Padre Samir: la fuga dei cristiani dal Medio Oriente pone a rischio diritti e libertà
fondamentali
Diminuiscono i cristiani in Medio Oriente. Se all’inizio del secolo scorso rappresentavano
il 20% della popolazione, oggi, nei diversi Paesi dell’area asiatica sud-occidentale,
oscillano al massimo fino al 10 per cento. I cristiani migrano dal Medio Oriente per
le difficoltà in cui si sono trovati in seguito ai recenti conflitti. A Gerusalemme
e a Nazaret sono ormai il 2%, mentre la nazione con il maggior numero di cristiani
resta il Libano. Se ne contano approssimativamente il 35%, ma in diminuzione rispetto
a qualche anno fa. Tiziana Campisi ha chiesto a padre Samir Khalil Samir,
esperto di questioni mediorientali, come spiegare questi dati analizzando la convivenza
tra musulmani e cristiani:
R. - Quasi sempre
ci sono stati dei disagi. Ciò che viviamo oggi in tutto il mondo islamico è una continua
radicalizzazione della protesta contro il potere mondiale che si definisce come Occidente
- e l’Occidente è visto dai musulmani come cristiano, anche se è sempre più scristianizzato
- e ciò ha avuto delle ripercussioni sui cristiani locali.
D. – Che vuoto
hanno lasciato i cristiani nelle nazioni dalle quali si sono allontanati?
R.
– Più i cristiani lasciano il Paese, più i cristiani diventano un’esigua minoranza,
più alcuni principi della modernità, come ad esempio i diritti umani, vengono a cadere.
Con la diminuzione degli elementi cristiani, si fa un passo indietro nell’economia
ma, ancor di più nella politica, e soprattutto in tutto ciò che è legato ai diritti
umani: la situazione della donna, la libertà religiosa, la libertà tout court, il
progresso sociale, i diritti sociali per i più poveri e i deboli.
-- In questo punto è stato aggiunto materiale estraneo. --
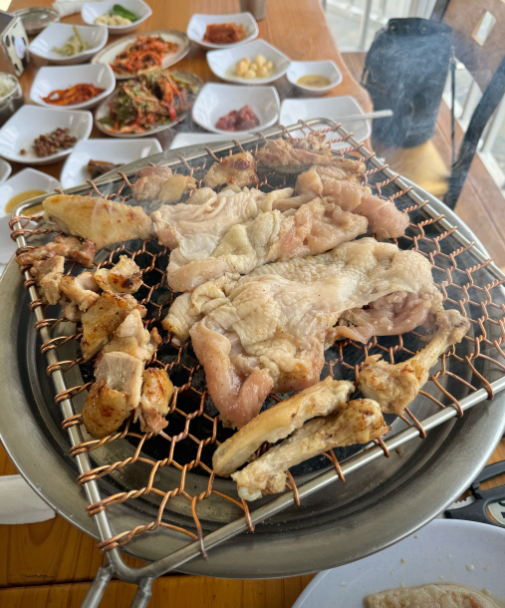 하마가든 식당 정보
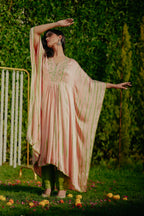 Kaftan Style Pant Set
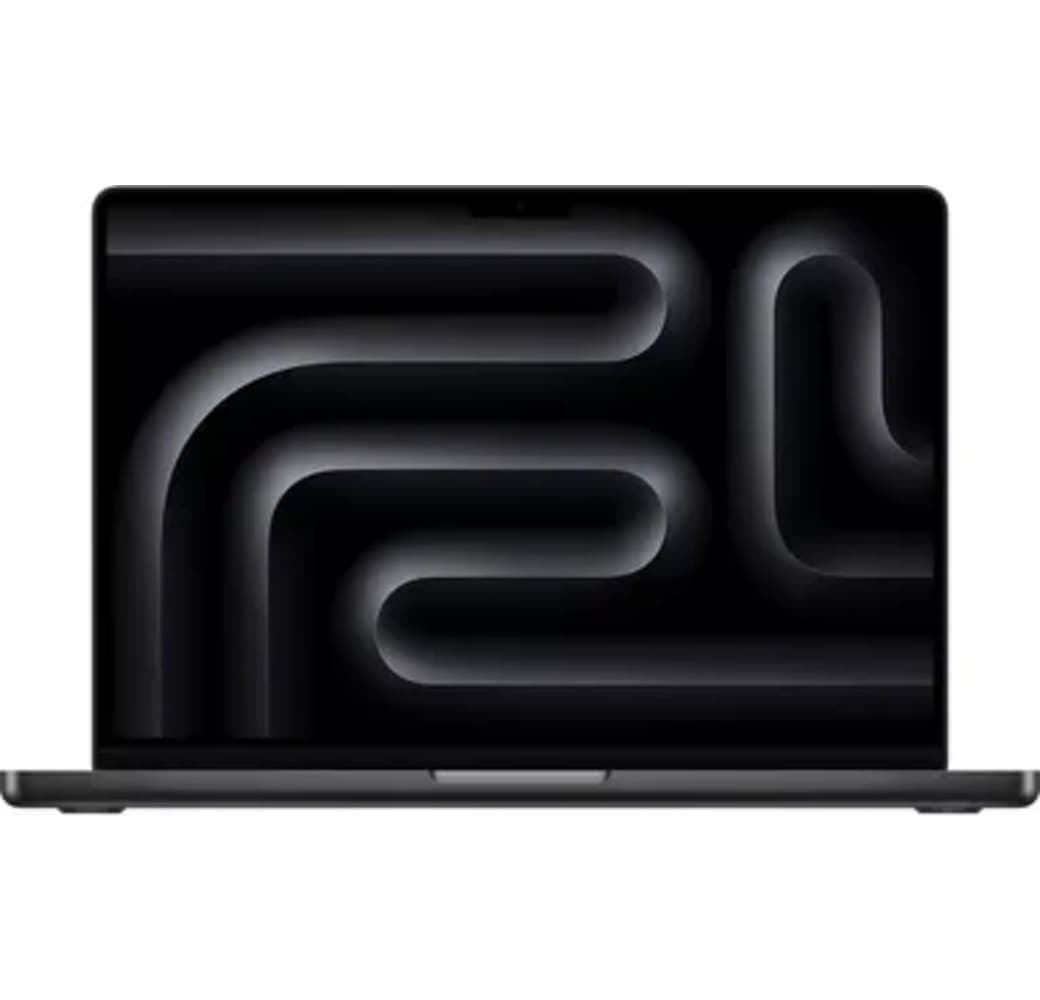Space Black MacBook Pro 14" - Apple M5 Chip 16GB Memory 512GB SSD - Integrated 10-core GPU.1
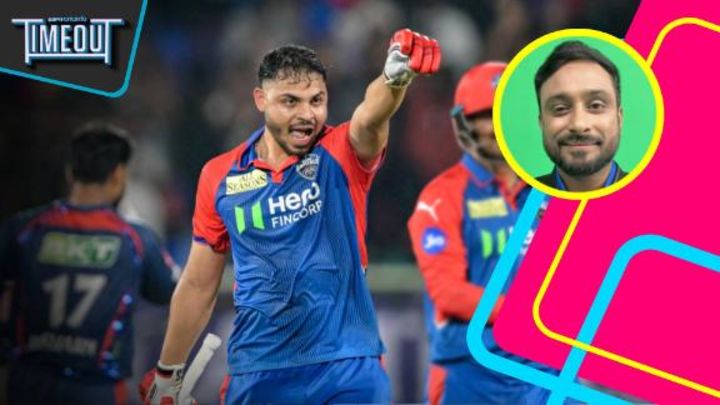 Rayudu: Ashutosh was calm under pressure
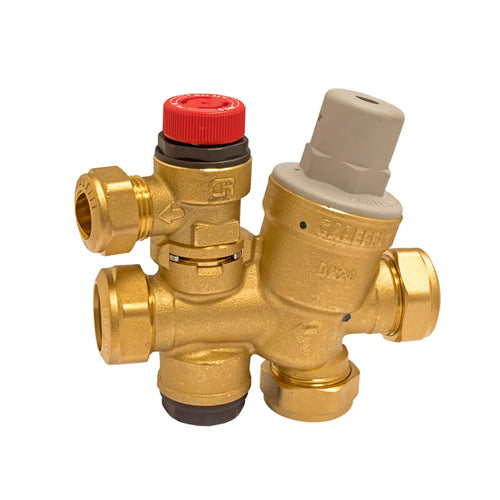 Grant Inlet Control Group - GCS07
Anche per questo
motivo sentiamo tra i musulmani - intellettuali e non solo, politici e anche gente
di media cultura - dire: “Per favore, non andatevene! Rimanete! Abbiamo vissuto insieme
per secoli!”. Questo è quello che si sente dire.
D. – Secondo lei quale equilibrio
potrebbe far funzionare società multietniche e multireligiose? R. – Penso che
prima di tutto l’unica via sia quella di vedere la diversità come una ricchezza e
non come un impoverimento. Questo è il primo principio che la storia ha dimostrato:
laddove le nazioni accettano di vivere in molteplicità, queste sono nazioni più progredite.
La multiculturalità attuale non corrisponde alla nostra multiculturalità che ha secoli
di vita; questo è il primo punto. Seguendo questa linea, accettare che ci siano dei
principi comuni, dunque una Costituzione che dia la parità a tutti, riconoscendo delle
varietà culturali o strutturali qua e là. Ciò che i cristiani desiderano è un sistema
che non faccia discriminazione basata sulla religione e non faccia nessuna discriminazione.
Siamo in una fase del mondo arabo molto delicata, difficile. Si tratta di passare
da un mondo dittatoriale che non ha praticato la democrazia, ad un mondo democratico
che cerca di riconoscere il valore di ogni persona umana nell’assoluto.